Data section
'''

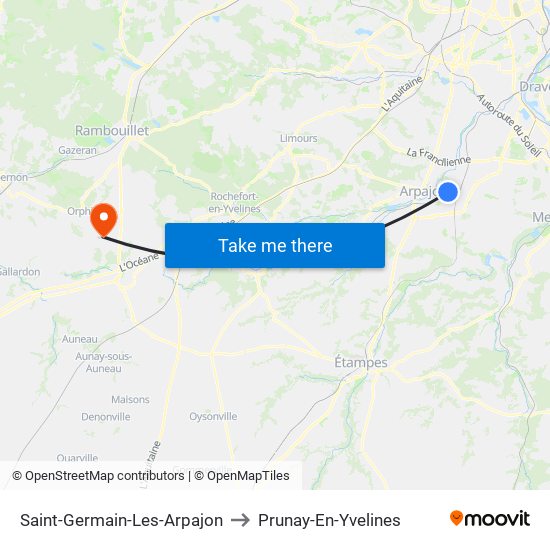 Saint-Germain-Les-Arpajon to Prunay-En-Yvelines map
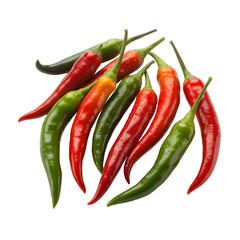Collection of vibrant red and green chili peppers displayed together on a white background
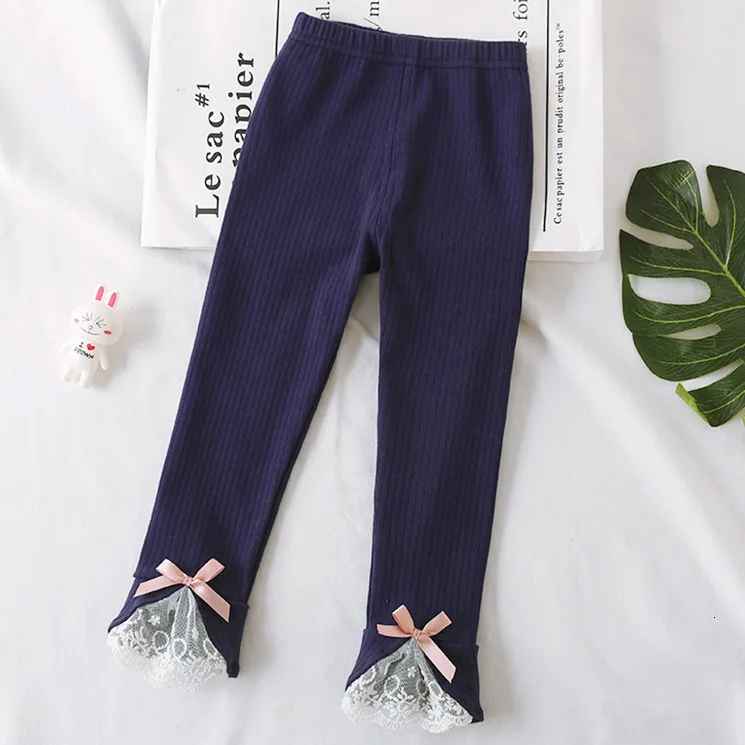 navy blue Штаны для девочек весенне-осенние детские модные хлопковые леггинсы, брюки для маленьких девочек, детская одежда длинные штаны, 2, 3, 4, 5, 6, 7 лет - Цвет: navy blue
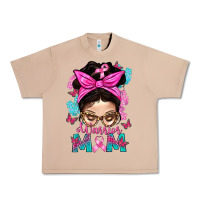 Burro Warrior Mom Messy Bun With Flowers Urban Heavy Tee - BundleAndBundleShop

'''

Your task
Except for the pictures, give the data again word for word.

Reply
 Saint-Germain-Les-Arpajon to Prunay-En-Yvelines map
Collection of vibrant red and green chili peppers displayed together on a white background
 navy blue Штаны для девочек весенне-осенние детские модные хлопковые леггинсы, брюки для маленьких девочек, детская одежда длинные штаны, 2, 3, 4, 5, 6, 7 лет - Цвет: navy blue
 Burro Warrior Mom Messy Bun With Flowers Urban Heavy Tee - BundleAndBundleShop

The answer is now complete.